Heavy lift ships are "xxx Kou" ("xxx Estuary")
Asphalt tankers are "xxx Wan" ("xxx Bay")
Passenger ships are "xxx Jing" ("xxx Capital City")


----------



## makko

Andrew,
A very interesting post indeed! 
Rgds.
Dave


----------



## KIWI

Always assumed that being P&O Maloja was named after some place out East but have since read,probably on SN, that it is a village in Switzerland.Made the same assumption with Paringa & Palana but there is a river here in NZ named Paringa so that too is doubtful.KIWI


----------



## fred henderson

makko said:


> Hi Fred,
> (OOps! Check my Avatar again - The Makko is based in Mexico City!)
> Dave


Sorry Dave - I must clean my glasses.(egg)


----------



## sparkie2182

For imaginative naming of cruise ships, Renaissance Cruises took some beating.........


R One - Entered service for Renaissance Cruises in 1998. After the bankruptcy of the company she was sold to Cruiseinvest but laid up until 2003, when she was chartered to Oceania Cruises and renamed Insignia.[2][3] In 2006 Oceania Cruises purchased the vessel

R Two - Entered service for Renaissance Cruises in 1998. After the bankruptcy of the company she was sold to Cruiseinvest but laid up until 2002, when she was chartered to the newly-established Oceania Cruises and renamed Insignia. She was renamed Regatta the following year. In 2006 Oceania Cruises purchased the vessel.


R Three - Entered service for Renaissance Cruises in 1999. After the bankruptcy of the company she was laid up until late 2002, when she was sold to Princess Cruises and renamed Pacific Princess.


R Four - Entered service for Renaissance Cruises in 1999. After the bankruptcy of the company she was laid up until late 2002, when she was sold to Princess Cruises and renamed Tahitian Princess.[6] The ship was renamed again to Ocean Princess in November 2009.


R Five - Entered service for Renaissance Cruises in 2000. After the bankruptcy of the company she was sold to Cruiseinvest but laid up until 2002, when she was chartered to Pullmantur Cruises under the marketing name Blue Dream. In 2005 the vessel was boughtby Oceania Cruises and renamed Nautica

R Six - Entered service for Renaissance Cruises in 2000. After the bankruptcy of the company she was sold to Cruiseinvest but laid up until 2003, when she was chartered to Pullmantur Cruises under the marketing name Blue Star. In 2005 she was renamed Blue Dream, and was sold to Pullmatur the following year. In 2007 she was transferred to the fleet of Azamara Cruises and renamed Azamara Journey.

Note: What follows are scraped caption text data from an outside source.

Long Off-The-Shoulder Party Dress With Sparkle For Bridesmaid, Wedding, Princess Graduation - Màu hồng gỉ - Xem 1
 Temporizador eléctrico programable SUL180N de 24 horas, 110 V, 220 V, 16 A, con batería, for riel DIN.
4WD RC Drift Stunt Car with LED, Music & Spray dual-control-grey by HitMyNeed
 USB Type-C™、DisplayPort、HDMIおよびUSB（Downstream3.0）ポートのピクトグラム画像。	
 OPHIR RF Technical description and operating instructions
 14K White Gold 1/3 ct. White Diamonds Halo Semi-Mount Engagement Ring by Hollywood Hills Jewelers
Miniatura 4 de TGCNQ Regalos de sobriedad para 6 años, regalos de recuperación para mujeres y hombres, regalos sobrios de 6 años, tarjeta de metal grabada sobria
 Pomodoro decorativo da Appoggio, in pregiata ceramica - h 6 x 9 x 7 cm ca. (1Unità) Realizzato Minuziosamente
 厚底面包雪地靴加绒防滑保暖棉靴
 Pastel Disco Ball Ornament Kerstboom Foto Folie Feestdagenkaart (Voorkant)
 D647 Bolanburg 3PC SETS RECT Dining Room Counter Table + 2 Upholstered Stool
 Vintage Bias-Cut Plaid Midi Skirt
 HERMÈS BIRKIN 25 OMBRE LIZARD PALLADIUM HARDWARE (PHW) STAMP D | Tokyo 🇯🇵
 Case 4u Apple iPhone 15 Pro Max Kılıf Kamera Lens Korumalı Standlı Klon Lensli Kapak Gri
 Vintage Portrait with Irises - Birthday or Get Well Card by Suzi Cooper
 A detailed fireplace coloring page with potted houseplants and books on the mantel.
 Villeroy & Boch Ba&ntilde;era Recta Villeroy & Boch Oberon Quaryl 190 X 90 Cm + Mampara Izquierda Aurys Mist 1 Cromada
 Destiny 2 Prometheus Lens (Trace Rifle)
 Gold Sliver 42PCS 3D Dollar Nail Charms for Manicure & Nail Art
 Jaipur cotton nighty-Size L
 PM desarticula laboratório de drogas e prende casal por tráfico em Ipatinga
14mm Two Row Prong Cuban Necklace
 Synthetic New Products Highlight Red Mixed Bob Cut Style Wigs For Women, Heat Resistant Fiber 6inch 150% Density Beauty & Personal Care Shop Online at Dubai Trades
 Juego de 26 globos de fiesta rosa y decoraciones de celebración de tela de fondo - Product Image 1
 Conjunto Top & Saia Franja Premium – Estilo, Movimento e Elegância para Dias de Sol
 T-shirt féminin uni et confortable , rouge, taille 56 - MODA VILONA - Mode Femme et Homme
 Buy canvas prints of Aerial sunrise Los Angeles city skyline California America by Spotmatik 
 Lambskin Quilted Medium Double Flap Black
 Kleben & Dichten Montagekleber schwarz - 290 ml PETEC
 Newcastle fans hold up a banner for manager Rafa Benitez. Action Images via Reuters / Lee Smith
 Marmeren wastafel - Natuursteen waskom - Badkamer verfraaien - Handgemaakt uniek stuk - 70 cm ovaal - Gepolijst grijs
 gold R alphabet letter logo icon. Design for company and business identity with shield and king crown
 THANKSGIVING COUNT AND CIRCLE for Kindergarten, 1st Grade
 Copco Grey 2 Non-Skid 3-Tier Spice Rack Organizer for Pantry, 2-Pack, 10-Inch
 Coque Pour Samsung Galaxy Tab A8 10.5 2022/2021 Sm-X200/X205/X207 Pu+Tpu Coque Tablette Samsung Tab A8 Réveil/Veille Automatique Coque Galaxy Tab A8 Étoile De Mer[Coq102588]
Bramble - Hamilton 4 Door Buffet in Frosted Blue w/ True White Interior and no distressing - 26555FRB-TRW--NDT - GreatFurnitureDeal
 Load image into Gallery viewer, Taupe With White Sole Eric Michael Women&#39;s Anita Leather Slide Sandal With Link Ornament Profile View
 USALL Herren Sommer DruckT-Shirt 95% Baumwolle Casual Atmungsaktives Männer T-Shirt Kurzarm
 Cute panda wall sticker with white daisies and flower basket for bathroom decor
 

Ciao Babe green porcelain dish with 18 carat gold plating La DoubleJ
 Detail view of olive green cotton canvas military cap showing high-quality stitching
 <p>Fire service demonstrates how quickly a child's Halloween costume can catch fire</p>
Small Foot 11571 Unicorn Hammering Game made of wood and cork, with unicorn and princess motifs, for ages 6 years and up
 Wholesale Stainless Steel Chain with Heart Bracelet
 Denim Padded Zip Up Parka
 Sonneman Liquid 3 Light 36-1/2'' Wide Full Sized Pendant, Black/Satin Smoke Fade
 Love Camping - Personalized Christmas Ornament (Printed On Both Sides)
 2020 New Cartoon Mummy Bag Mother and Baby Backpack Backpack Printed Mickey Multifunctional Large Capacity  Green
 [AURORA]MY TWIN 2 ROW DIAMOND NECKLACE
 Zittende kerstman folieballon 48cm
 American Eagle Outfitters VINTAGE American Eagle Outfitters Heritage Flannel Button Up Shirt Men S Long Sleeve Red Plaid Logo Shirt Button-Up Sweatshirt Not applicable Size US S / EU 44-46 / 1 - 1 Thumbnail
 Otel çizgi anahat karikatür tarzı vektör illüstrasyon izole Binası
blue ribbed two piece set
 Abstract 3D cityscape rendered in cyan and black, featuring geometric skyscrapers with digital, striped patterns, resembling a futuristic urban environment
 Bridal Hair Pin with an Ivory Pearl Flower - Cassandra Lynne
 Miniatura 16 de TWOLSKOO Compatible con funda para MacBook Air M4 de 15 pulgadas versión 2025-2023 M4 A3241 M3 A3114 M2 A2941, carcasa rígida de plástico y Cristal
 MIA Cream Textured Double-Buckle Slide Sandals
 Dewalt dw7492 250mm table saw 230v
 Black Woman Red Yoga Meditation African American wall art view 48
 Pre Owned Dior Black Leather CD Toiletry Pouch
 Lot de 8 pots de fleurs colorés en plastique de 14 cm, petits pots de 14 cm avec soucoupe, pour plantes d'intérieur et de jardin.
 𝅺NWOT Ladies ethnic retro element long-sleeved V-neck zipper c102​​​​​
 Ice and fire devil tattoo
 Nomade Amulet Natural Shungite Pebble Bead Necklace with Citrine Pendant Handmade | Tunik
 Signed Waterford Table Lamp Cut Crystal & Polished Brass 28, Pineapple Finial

R Seven - Entered service for Renaissance Cruises in 2000. After the bankruptcy of the company she was sold to Cruiseinvest but laid up until 2003, when she was chartered to Delphin Seereisen under the name Delphin Renaissance. In 2006 she was sold to Pullmantur Cruises and was renamed Blue Moon. In 2007 she was transferred to the fleet of Azamara Cruises and renamed Azamara Quest.


R Eight - Entered service for Renaissance Cruises in 2000. After the bankruptcy of the company she was sold to Cruiseinvest but laid up until 2003, when she was chartered to Swan Hellenic Cruises and renamed Minerva II. In 2006 she was sold to Princess Cruises but remained in Swan Hellenic service until April 2007, when she was tranferred to Princess and renamed Royal Princess


----------



## fred henderson

I have belatedly noticed that this Thread is Clare's first post to SN and must welcome her to our community. As she will see, her first effort has raised a great deal of interest from some of our membership.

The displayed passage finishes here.